(Data records):
/---

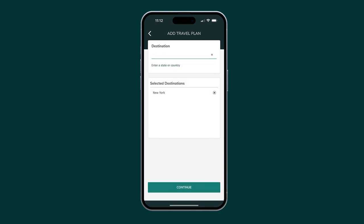To quickly add a destination, tap on the auto-populated name from the drop-down menu. After you've included all destinations, tap Continue.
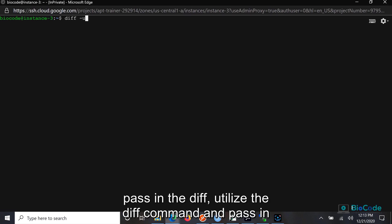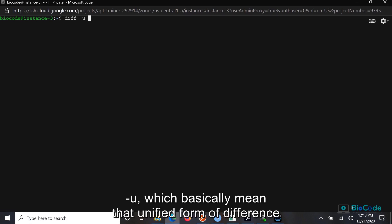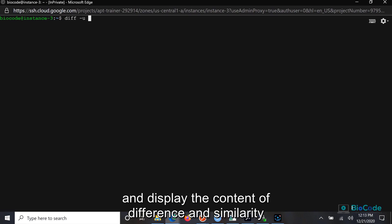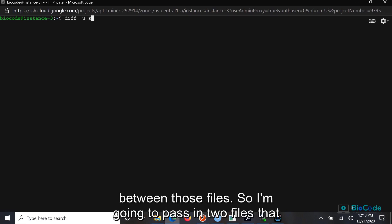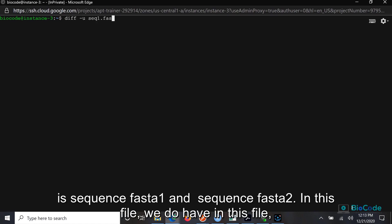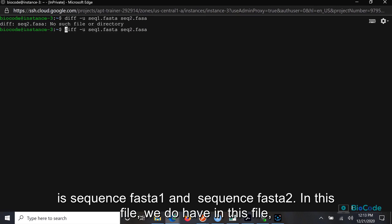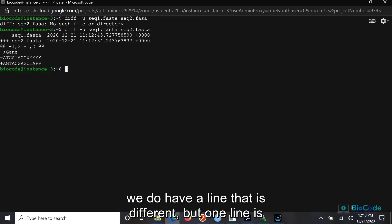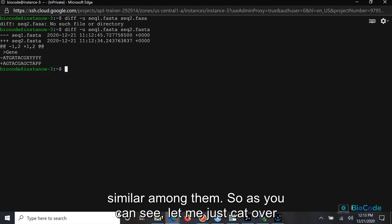You can utilize the diff command and pass in the -u flag, which means the unified form of difference between two files. It will compare those files line by line and display the content of difference and similarity between them. I'm going to pass in two files: sequence_first_one and sequence_first_two. In these files, one line is different and one line is similar.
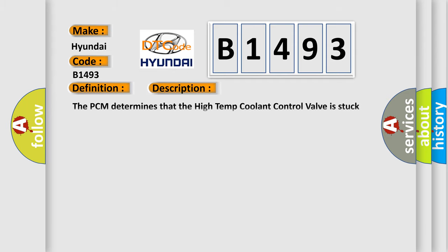And now this is a short description of this DTC code. The PCM determines that the high temp coolant control valve is stuck closed.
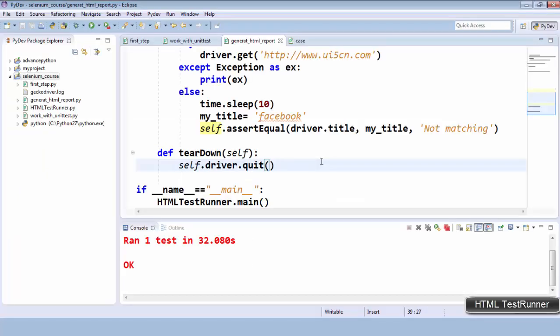So in this way you can create test cases for pass and fail scenarios and generate the HTML report using HTMLTestRunner. In the next video we are going to discuss locators and the developer tools used to locate them. Thanks for watching.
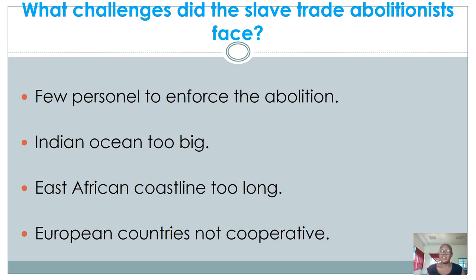Some European countries were not cooperative. The British were pushing for abolition, but other European powers felt the British were being hypocrites — having benefited from slavery to industrialize and now enforcing abolition on others. Countries like the French, the Portuguese, and the Spanish continued with this trade and were not supportive of the abolition of slave trade.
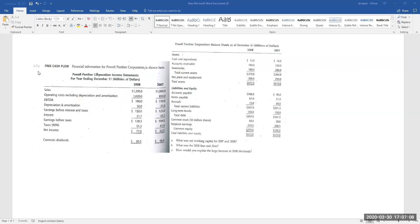Exercise 3.10: Free Cash Flow. Financial information for Powell Partner Corporation is shown here. You have an income statement for December 31, with all numbers in millions of dollars, and a comparative balance sheet and comparative income statement for Powell Partner Corporation.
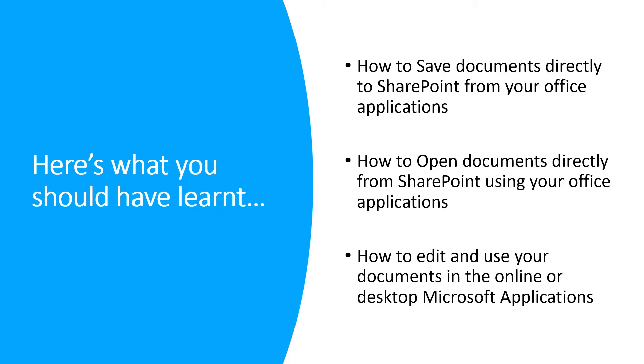Today we have covered saving documents from Office applications directly to SharePoint, opening documents directly from SharePoint, and editing documents in either the online or desktop Microsoft applications. I hope you're excited for your SharePoint transition and be sure to reach out to us for any questions or assistance you require. Thank you very much.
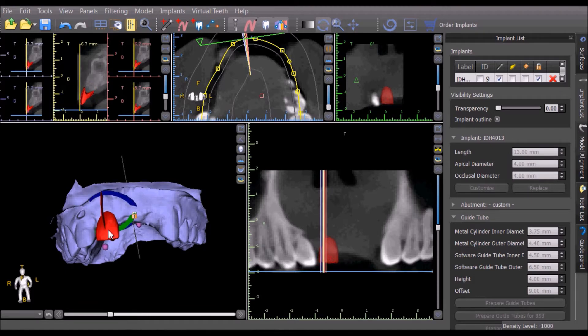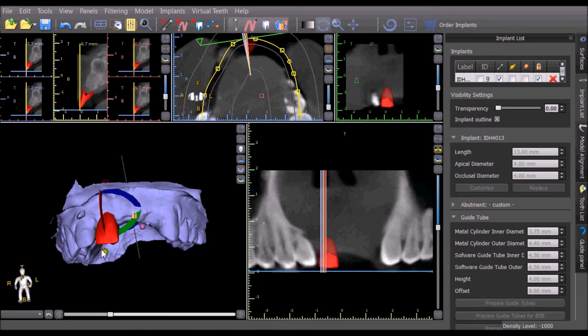The size of the tooth can be adjusted in the 3D view by grabbing the purple dots and dragging them to increase the length or the width of the virtual tooth.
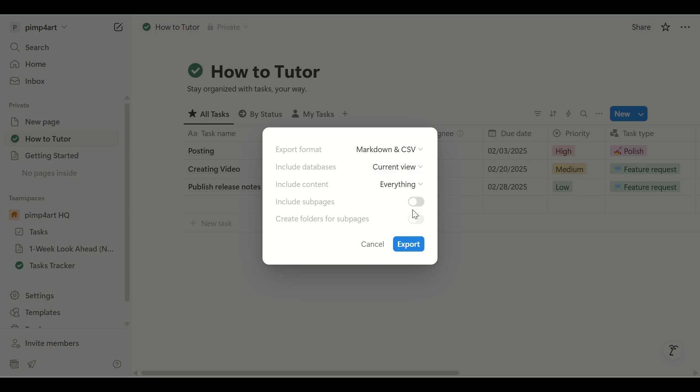Then click Export and Notion will automatically generate a zip file. Inside, you'll find your data as a CSV file, which can be opened in Excel.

\---

(What is required): Go back to the line containing "Exercise 3.10: Free" and output it and every line after it through the end of the records, exactly, but not the pictures.

(Answer section):
Exercise 3.10: Free Cash Flow. Financial information for Powell Partner Corporation is shown here. You have an income statement for December 31, with all numbers in millions of dollars, and a comparative balance sheet and comparative income statement for Powell Partner Corporation.
Today we have covered saving documents from Office applications directly to SharePoint, opening documents directly from SharePoint, and editing documents in either the online or desktop Microsoft applications. I hope you're excited for your SharePoint transition and be sure to reach out to us for any questions or assistance you require. Thank you very much.
The size of the tooth can be adjusted in the 3D view by grabbing the purple dots and dragging them to increase the length or the width of the virtual tooth.
Then click Export and Notion will automatically generate a zip file. Inside, you'll find your data as a CSV file, which can be opened in Excel.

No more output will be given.